In simulated gastrointestinal pH conditions, the HPMCP, Eudragit L100, and Eudragit S100 submicron particles showed good digestion of paneer and milk protein, and could serve as potential carriers for oral enzyme delivery. Stability studies indicated that formulations with approximately 6% overage would ensure a two-year shelf-life at room temperature.
颗粒系统因其在生物分子的口服传递方面的应用而受到越来越多的关注。本研究的目的是使用 pH 敏感聚合物制备木瓜蛋白酶的亚微米颗粒制剂,以实现 pH 依赖性的定位释放。
通过 w/o/w 乳液溶剂蒸发法,使用羟丙基甲基纤维素邻苯二甲酸酯(HPMCP)、Eudragit L100 和 Eudragit S100 制备肠溶亚微米颗粒制剂,以避免胃蛋白酶的失活。

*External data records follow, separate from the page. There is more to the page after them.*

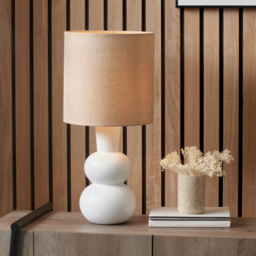 Pacific Lifestyle Aaliyah White Curved Bottle Ceramic Table Lamp - Wilko - thumbnail 3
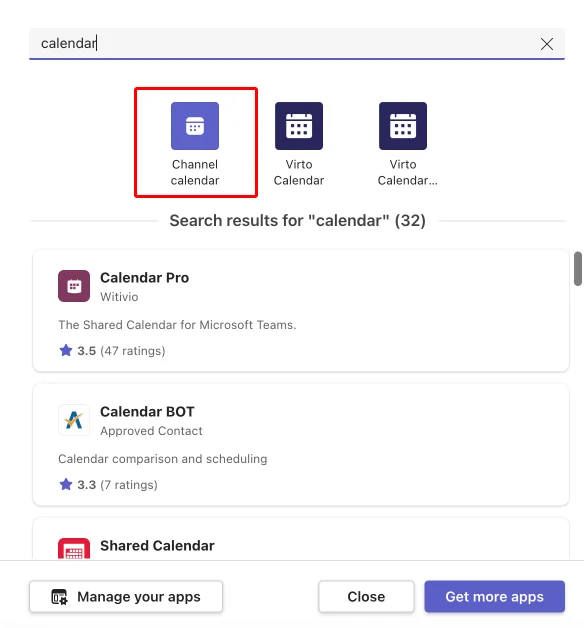 Adding the channel calendar app within Microsoft Teams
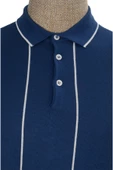 Cengiz İnler Çizgili Polo Yaka Düğmeli Merserize Erkek Triko T-shirt - 1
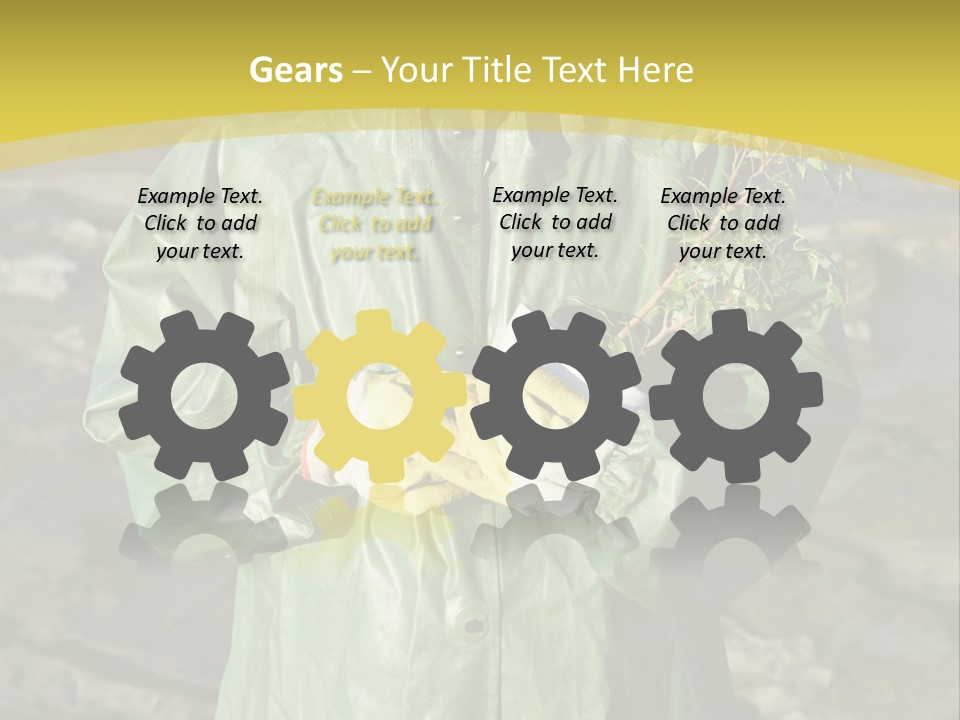 White Holding Green PowerPoint Template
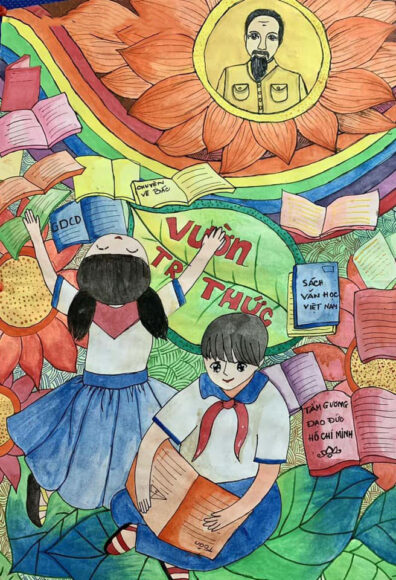 Vẽ tranh thiếu nhi làm nghìn việc tốt theo lời dạy của Bác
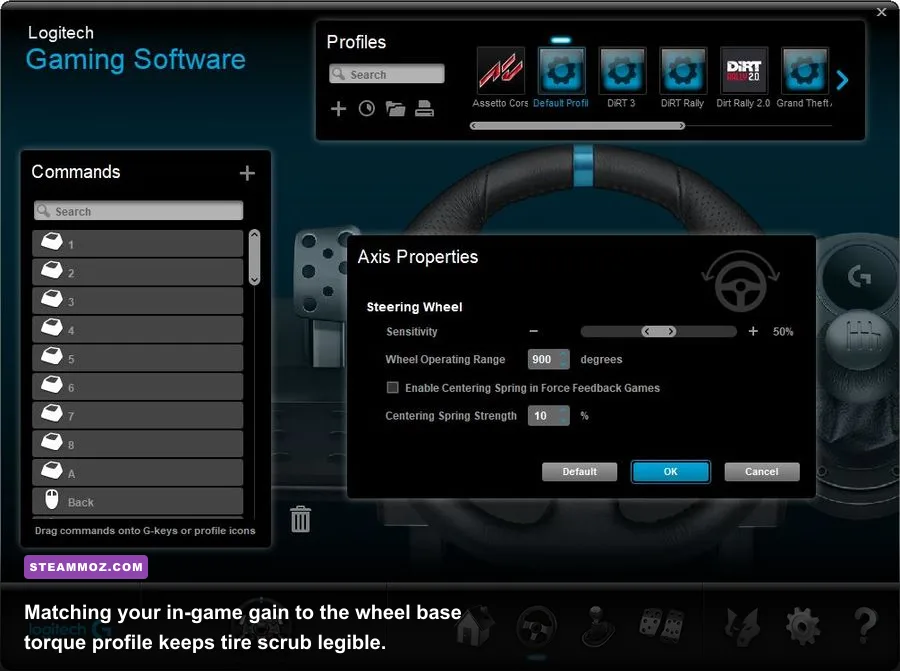 In-game force feedback settings menu in Assetto Corsa Competizione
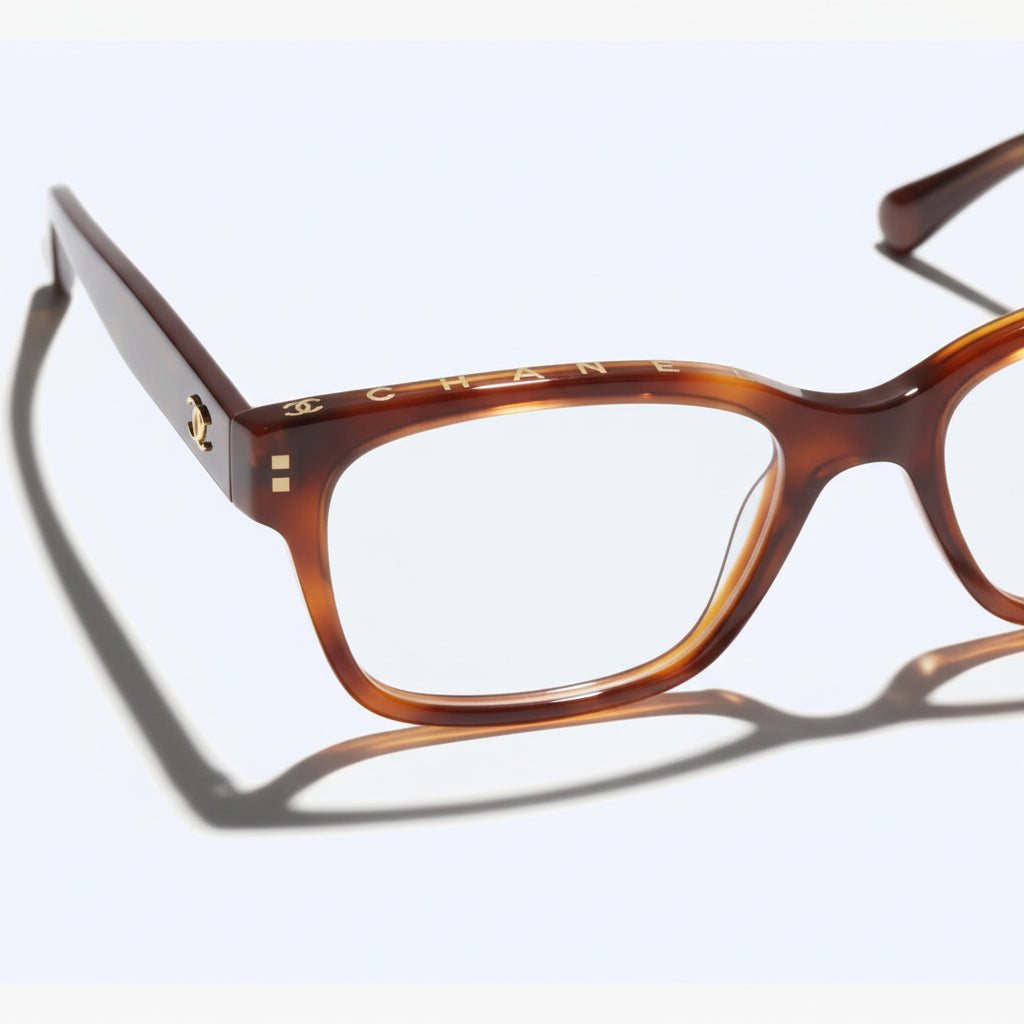 Chanel Women Rectangular Dark Tortoise Glasses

较小的内相和外相体积提供了最大的包封效率(75.58%-82.35%)、最小的粒径(665.6-692.4nm)和 25%-30%的酶活损失。在 0.1N HCl 中的释放研究证实了配方的胃耐受力。在 0.1N HCl(即胃 pH 1.2)中,阴离子亚微米颗粒由于肠溶性聚合物中羧酸基团的质子化而聚集。<500μm 大小的团聚物不会阻碍胃排空。然而,在 pH>5.0(十二指肠 pH)时,由于表面电荷的恢复,亚微米颗粒发生解聚。HPMCP 亚微米颗粒在 pH 6.0 下几乎能在 30 分钟内完全释放木瓜蛋白酶,而 Eudragit L100 和 Eudragit S100 颗粒在 pH 6.8 和 pH 7.4 下分别释放了 88.82%和 53.00%的木瓜蛋白酶,符合 Korsmeyer-Peppas 方程。十二烷基硫酸钠聚丙烯酰胺凝胶电泳和荧光光谱证实,在包封过程中,酶的结构完整性得以保持。傅立叶变换红外光谱显示酶被包封,粉末 X 射线衍射和差示扫描量热法表明其具有无定形特征,扫描电子显微镜显示亚微米颗粒呈球形。
在模拟胃肠道 pH 条件下,HPMCP、Eudragit L100 和 Eudragit S100 亚微米颗粒对印度奶酪和牛奶蛋白具有良好的消化能力,可作为口服酶传递的潜在载体。稳定性研究表明,约 6%的过量配方可确保在室温下两年的保质期。